▶ [Exercise brief]
In the records below, find the line with "Perbaikan Sumber Air Bersih Pascabencana", then retype it and every following line exactly, stopping after the line with "Bryr Jesse sandal size 8". Leave the pictures out.

▶ [Task inputs]
▼
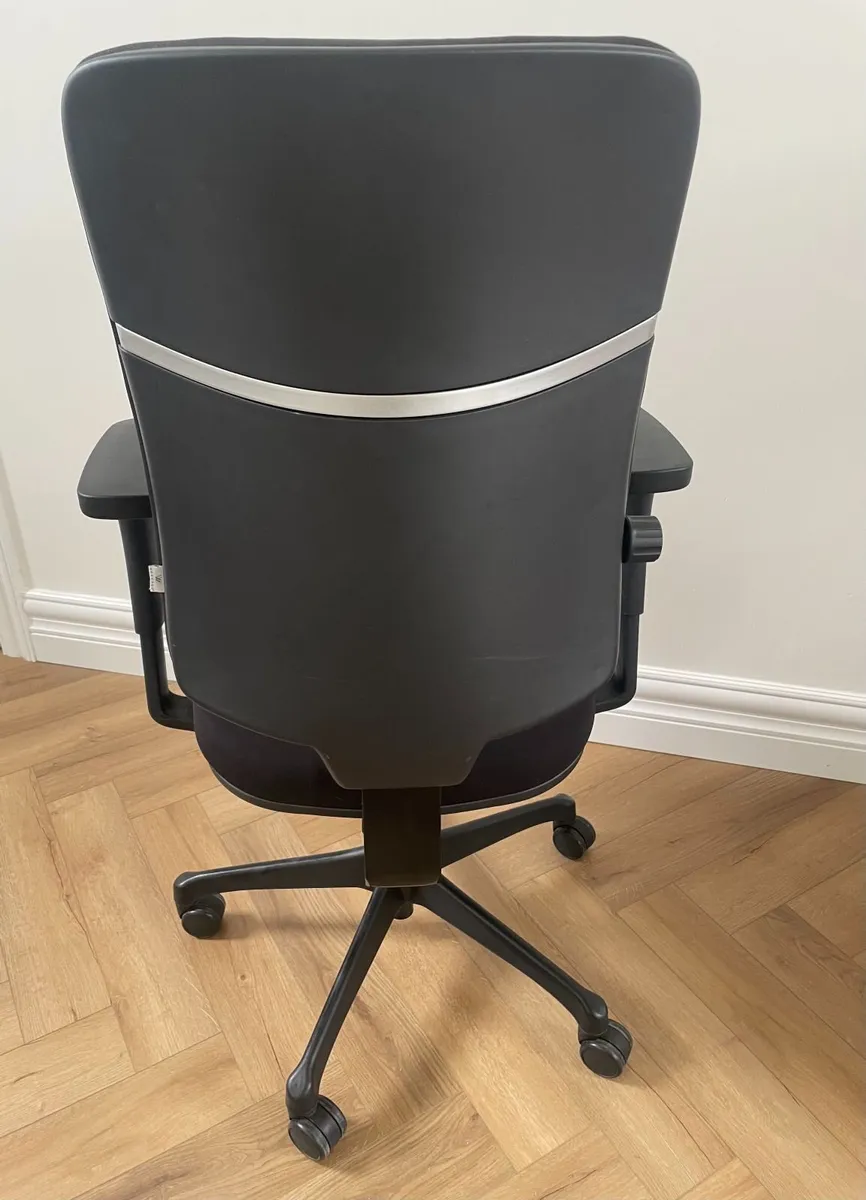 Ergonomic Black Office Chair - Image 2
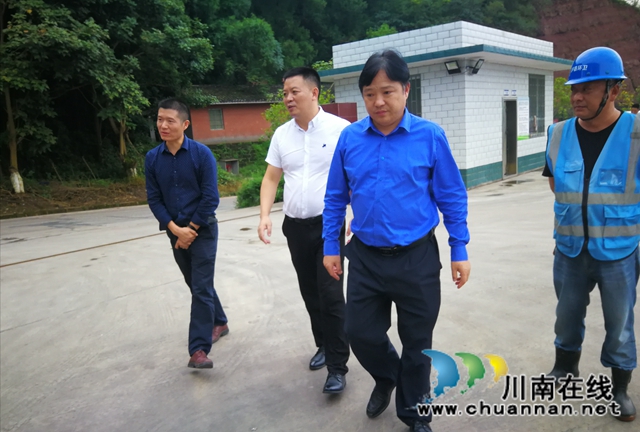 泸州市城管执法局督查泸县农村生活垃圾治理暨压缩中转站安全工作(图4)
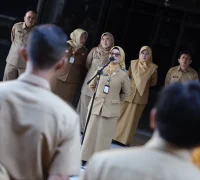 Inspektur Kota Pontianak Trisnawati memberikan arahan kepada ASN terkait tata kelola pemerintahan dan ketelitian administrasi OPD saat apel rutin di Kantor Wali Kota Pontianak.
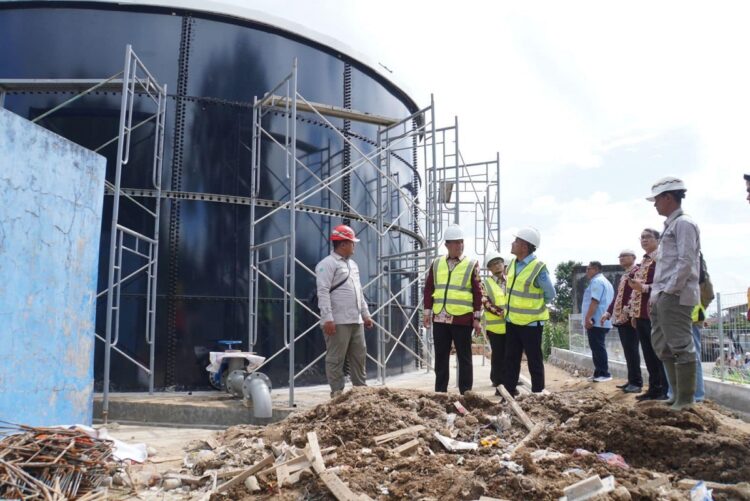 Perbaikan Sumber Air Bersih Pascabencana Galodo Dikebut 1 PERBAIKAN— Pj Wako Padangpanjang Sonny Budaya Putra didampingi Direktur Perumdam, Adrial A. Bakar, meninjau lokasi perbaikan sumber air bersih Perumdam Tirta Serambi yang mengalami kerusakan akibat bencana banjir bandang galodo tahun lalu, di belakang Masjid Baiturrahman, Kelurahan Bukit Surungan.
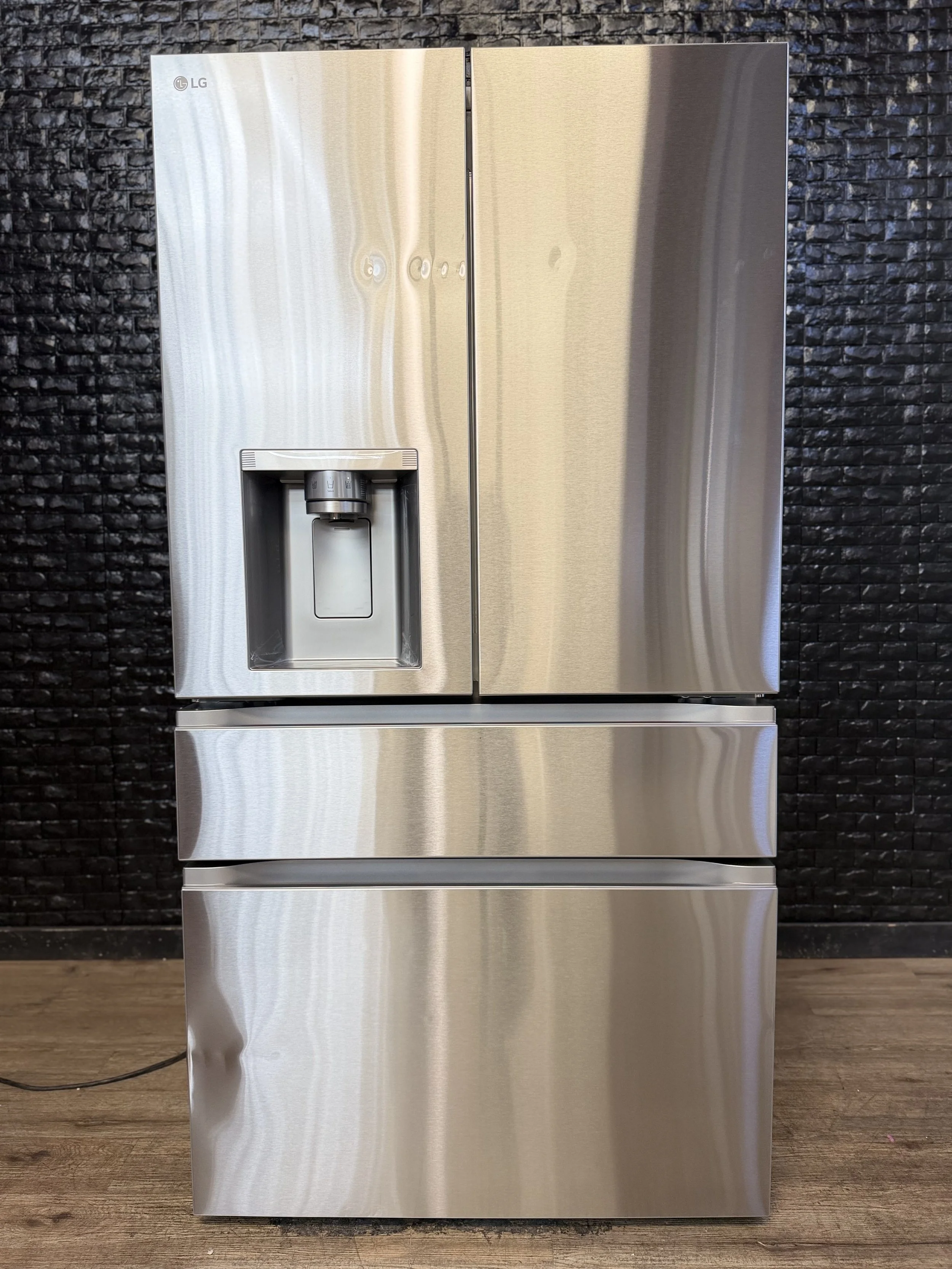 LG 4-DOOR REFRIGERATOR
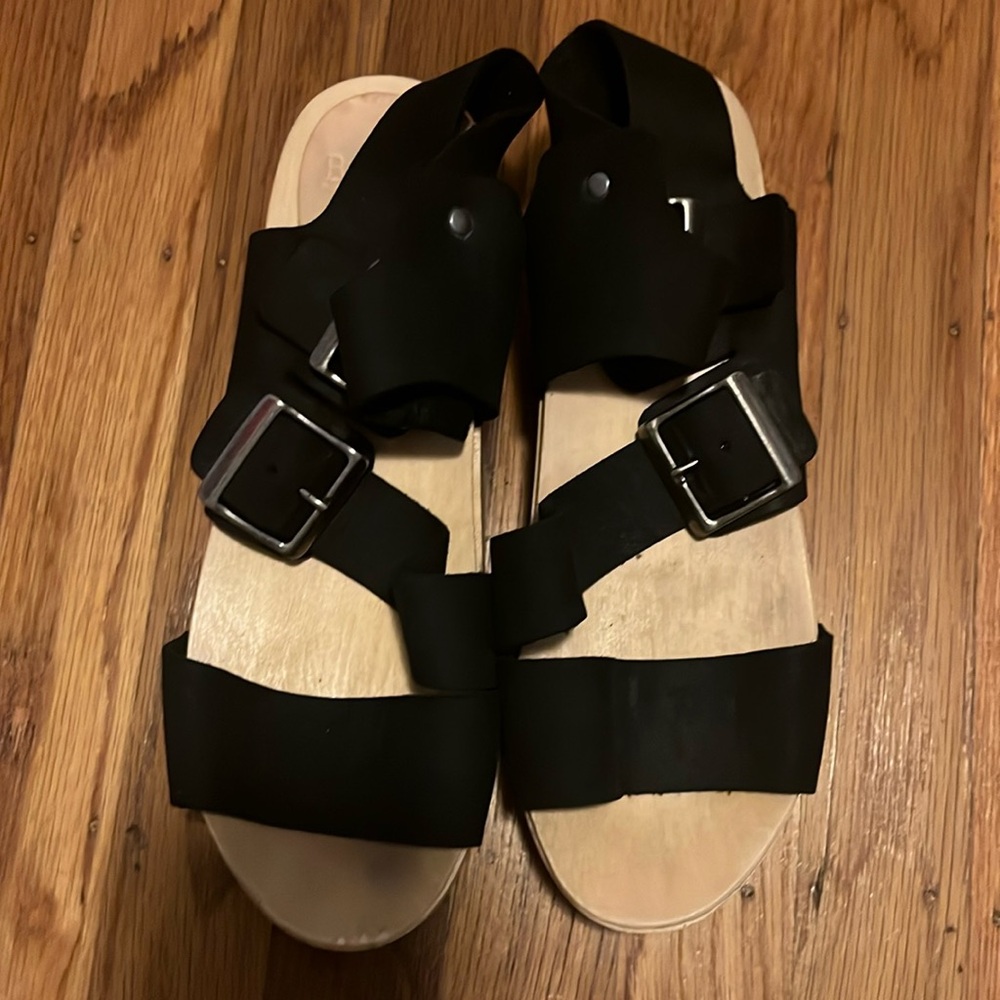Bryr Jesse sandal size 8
▲
▼
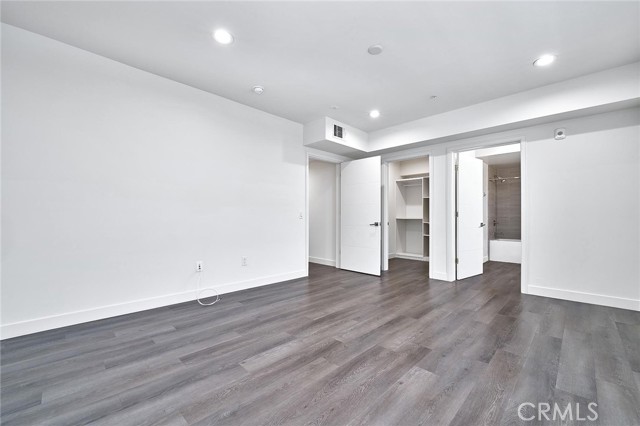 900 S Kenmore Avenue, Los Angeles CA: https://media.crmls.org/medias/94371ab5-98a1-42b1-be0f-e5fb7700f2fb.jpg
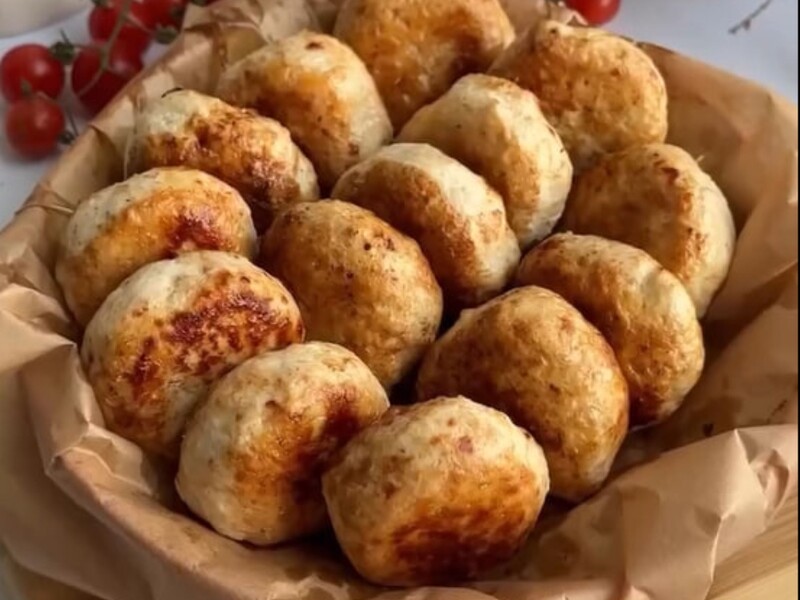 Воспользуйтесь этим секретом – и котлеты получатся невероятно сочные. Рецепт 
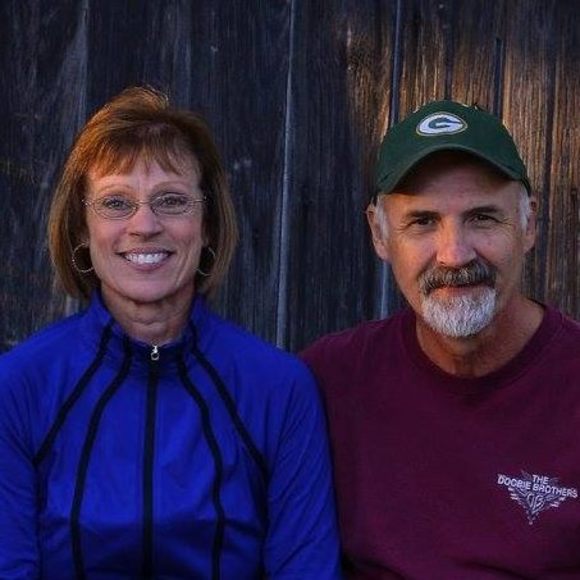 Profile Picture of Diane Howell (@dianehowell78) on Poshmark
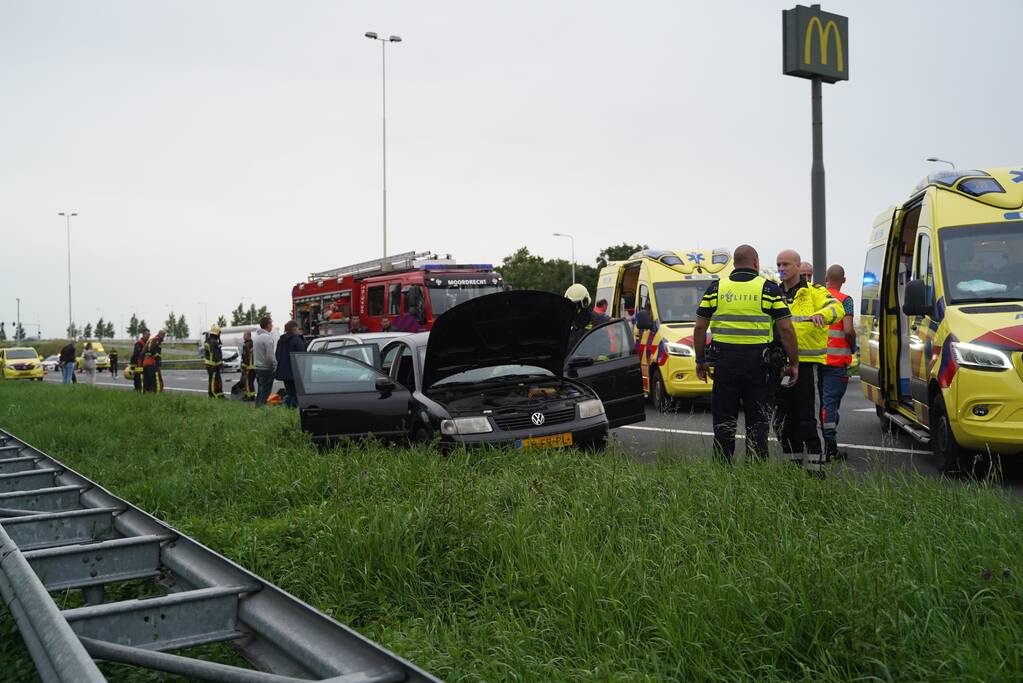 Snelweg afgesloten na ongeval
▲
▶ [Result for this task]
 Perbaikan Sumber Air Bersih Pascabencana Galodo Dikebut 1 PERBAIKAN— Pj Wako Padangpanjang Sonny Budaya Putra didampingi Direktur Perumdam, Adrial A. Bakar, meninjau lokasi perbaikan sumber air bersih Perumdam Tirta Serambi yang mengalami kerusakan akibat bencana banjir bandang galodo tahun lalu, di belakang Masjid Baiturrahman, Kelurahan Bukit Surungan.
 LG 4-DOOR REFRIGERATOR
Bryr Jesse sandal size 8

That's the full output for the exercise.